Потом сестра выкликнула имя моей матери: ее лекарства были готовы.

— Пойди, забери их вместо меня, — попросила она. — Скажи им, кто ты. Скажи им, что ты — моя дочь.

Да, я была ее дочерью — но не только. Я была — Карен, Шерил, Лейф. Карен Шерил Лейф. КаренШерилЛейф. Наши имена сливались в одно в устах моей матери всю мою жизнь, сколько я себя помню. Она шептала это имя и выкрикивала, шипела и распевала. Мы были ее дети, ее друзья-товарищи, ее начало и ее конец. Мы по очереди ездили с ней на переднем сиденье в машине. «Насколько я вас люблю — настолько?» — спрашивала она нас, раздвигая пальцы на пятнадцать сантиметров. «Нет», — отвечали мы с хитрыми улыбками. «Насколько я вас люблю — настолько?» — спрашивала она снова, и снова, и снова, каждый раз раздвигая руки все шире. Но у нее никогда не получалось показать это, как бы широко она ни разводила руки. Количество ее любви к нам нельзя было измерить руками. Его невозможно было выразить численно или в чем-то уместить. Эта любовь была десятью тысячами поименованных вещей из вселенной «Дао Дэ Цзин»[2] — и еще десятью тысячами вещей сверх того. Ее любовь была громогласной, всеобъемлющей и неприукрашенной. Каждый день она расточала ее без остатка, весь запас.

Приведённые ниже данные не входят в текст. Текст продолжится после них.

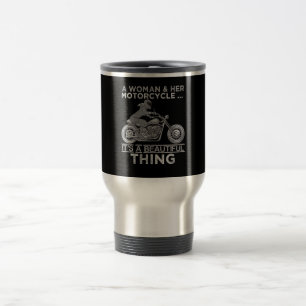 Eine Frau und ihr Motorrad-Kunstgeschenk für Fahr Reisebecher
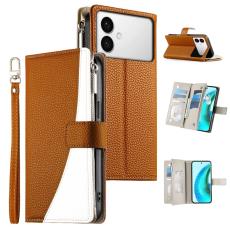 OEM - Samsung Galaxy S26 Edge Pl&aring;nboksfodral Dragkedja Konstl&auml;der Flip - Brun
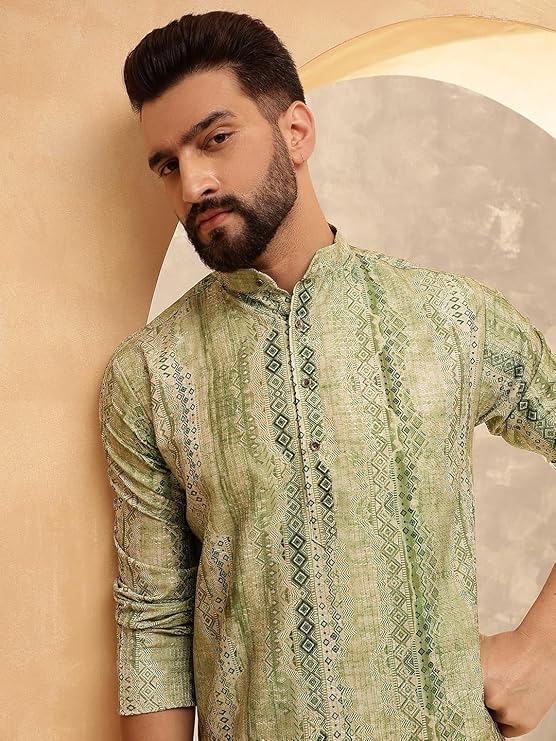 SOJANYA Men’s Cotton Silk Printed Green Kurta | Designer Long Ethnic Outfit for Navratri, Garba Nights & Puja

Она была дочерью кадрового военнослужащего и католичкой. До того момента, как ей исполнилось пятнадцать, она успела пожить в пяти разных штатах и двух графствах. Она обожала лошадей и Хэнка Уильямса, у нее была лучшая подружка по имени Бабс. В девятнадцать лет, забеременев, она вышла замуж за моего отца. Тремя днями позже он зверски избил ее. Она ушла и вернулась. Снова уходила и вновь возвращалась. Она не собиралась с этим мириться — но мирилась. Он сломал ей нос. Он перебил всю ее посуду. Он до костей содрал кожу на ее коленях, волоча ее за волосы по подъездной дорожке средь бела дня. Но он ее не сломал. В двадцать восемь лет она сумела уйти от него — в последний раз.

Она осталась одна, и КаренШерилЛейф ездили с ней на переднем сиденье машины.

К тому времени мы жили в маленьком городке в часе езды от Миннеаполиса, кочуя из одного многоквартирного дома в другой. У всех у них были обманчиво фешенебельные названия: Милл-Понд и Барбери-Нолл, Три-Лофт и Лейк-Грейс-Мейнор. У матери была одна работа, потом ее сменяла другая. Вначале она обслуживала столики в одном кафе, которое называлось «Северянин», потом в другом, «Инфинити», где ее униформа состояла из черной футболки с блескучей надписью «Вперед!» поперек груди. Она работала в дневную смену на фабрике, которая производила пластиковые контейнеры для хранения высокотоксичных химикатов, и приносила бракованные изделия домой — подносы или коробки, которые были надтреснуты, надколоты или перекособочены машиной. Мы превращали их в игрушки — кроватки для наших кукол, гаражи для наших машинок. Она все работала, работала и работала, но мы оставались все такими же бедными. Мы получали от правительства благотворительный сыр и сухое молоко, талоны на продукты и на медицинскую помощь, а в Рождество — бесплатные подарки от благотворителей. Ожидая, пока принесут чеки, мы играли в салочки, и в «красный свет — зеленый свет», и в шарады у почтовых ящиков нашего многоквартирного дома, которые можно было отпереть только специальным ключом.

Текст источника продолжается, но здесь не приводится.